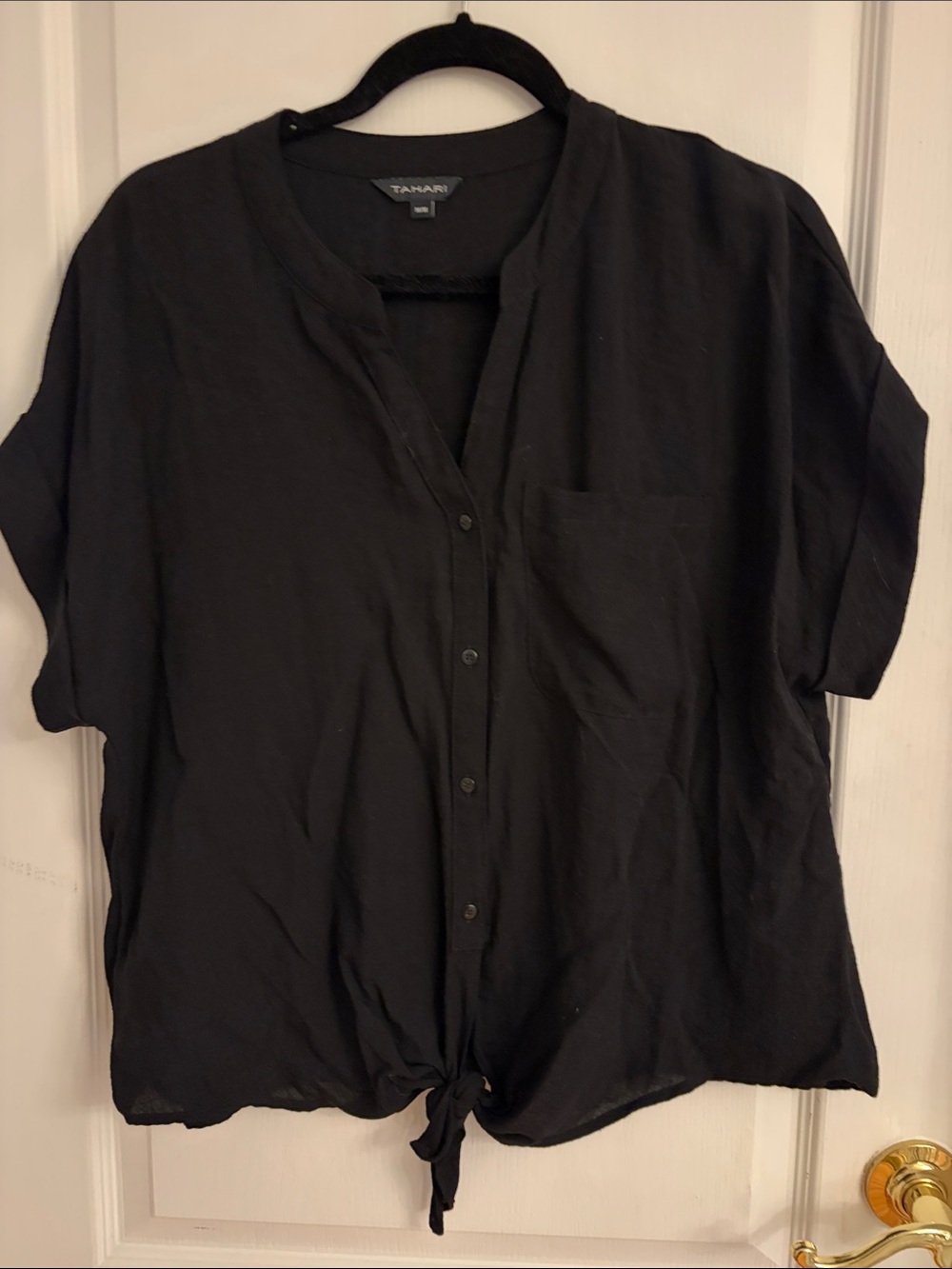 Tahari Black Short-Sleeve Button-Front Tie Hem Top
* * *
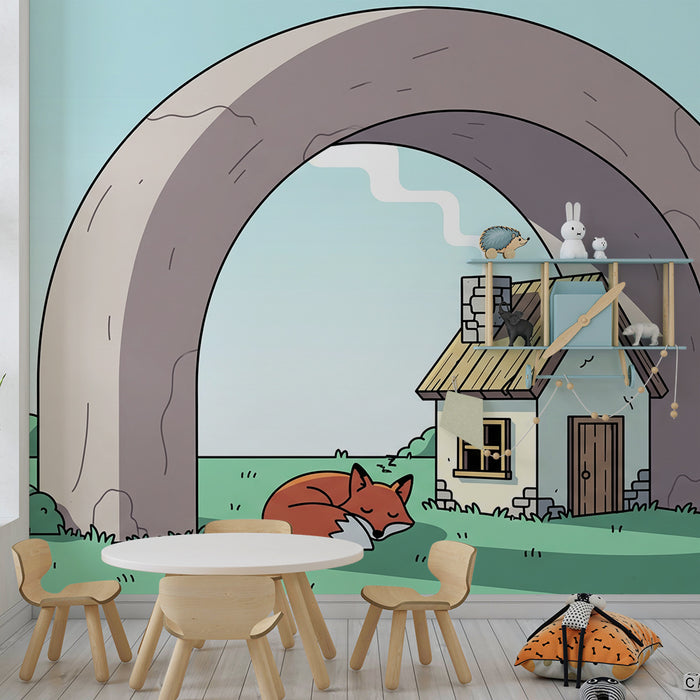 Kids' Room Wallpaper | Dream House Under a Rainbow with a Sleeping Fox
* * *
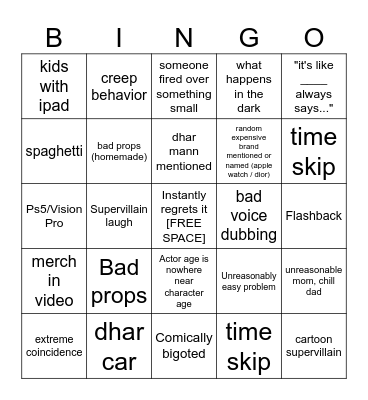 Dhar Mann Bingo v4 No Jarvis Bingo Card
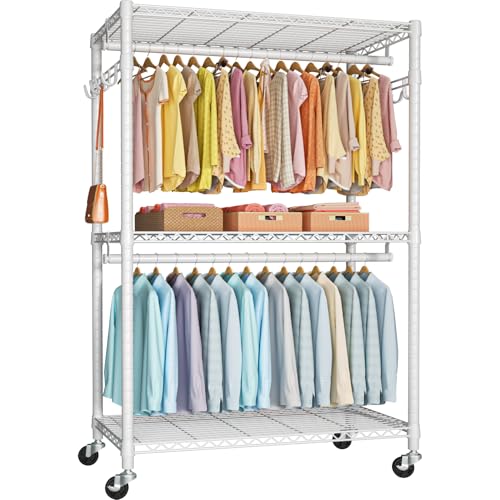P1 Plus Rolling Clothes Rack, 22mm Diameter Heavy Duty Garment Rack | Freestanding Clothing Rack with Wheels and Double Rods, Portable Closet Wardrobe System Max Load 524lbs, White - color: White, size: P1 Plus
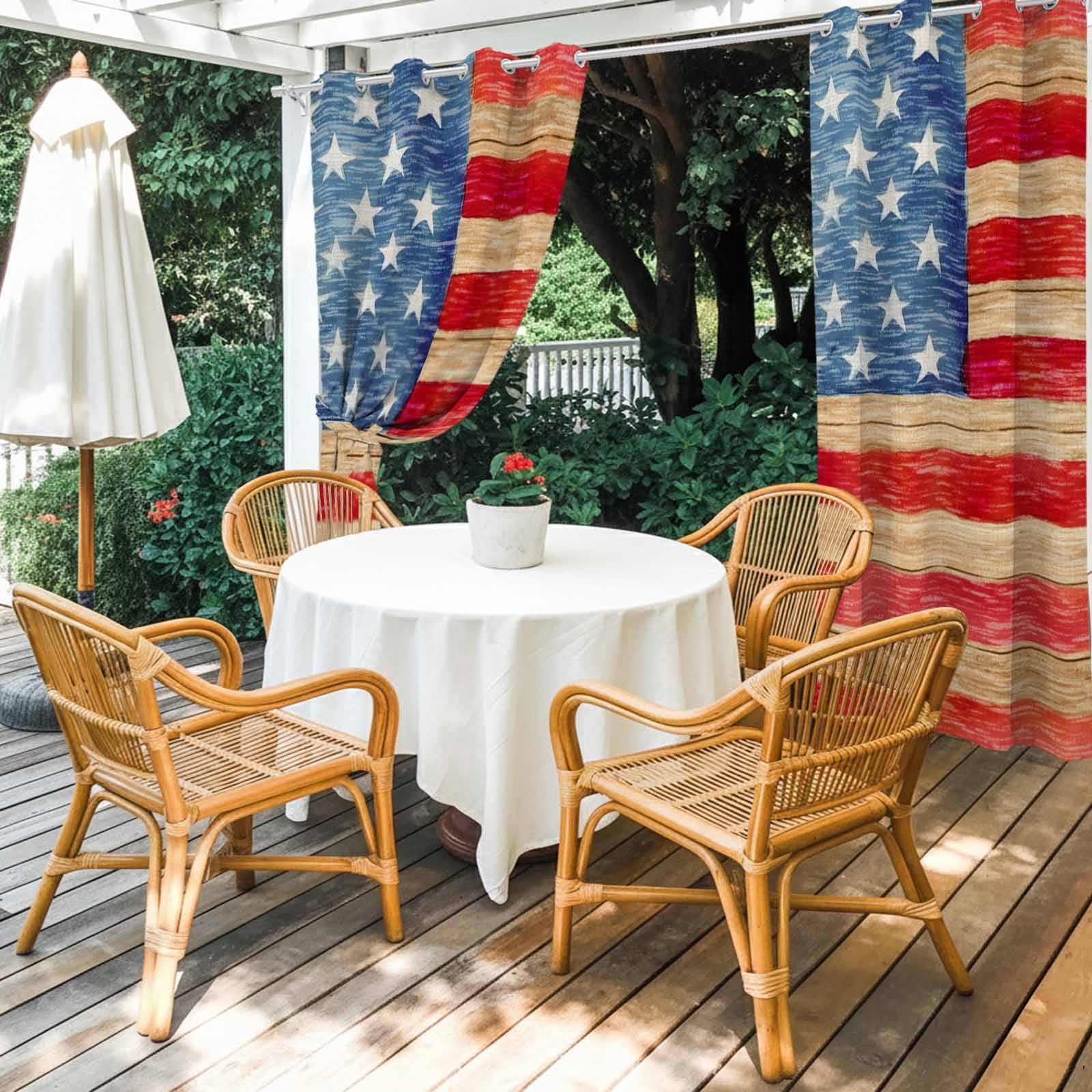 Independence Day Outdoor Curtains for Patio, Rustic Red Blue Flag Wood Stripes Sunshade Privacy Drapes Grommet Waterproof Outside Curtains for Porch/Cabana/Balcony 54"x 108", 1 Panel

WHAT TO WORK ON.
Among the lines above, the one with "Dhar Mann Bingo v4 No Jarvis Bingo Card" opens the part to repeat and the one with "Independence Day Outdoor" closes it; repeat only that part exactly, with no pictures.

WRITTEN RESPONSE.
 Dhar Mann Bingo v4 No Jarvis Bingo Card
P1 Plus Rolling Clothes Rack, 22mm Diameter Heavy Duty Garment Rack | Freestanding Clothing Rack with Wheels and Double Rods, Portable Closet Wardrobe System Max Load 524lbs, White - color: White, size: P1 Plus
 Independence Day Outdoor Curtains for Patio, Rustic Red Blue Flag Wood Stripes Sunshade Privacy Drapes Grommet Waterproof Outside Curtains for Porch/Cabana/Balcony 54"x 108", 1 Panel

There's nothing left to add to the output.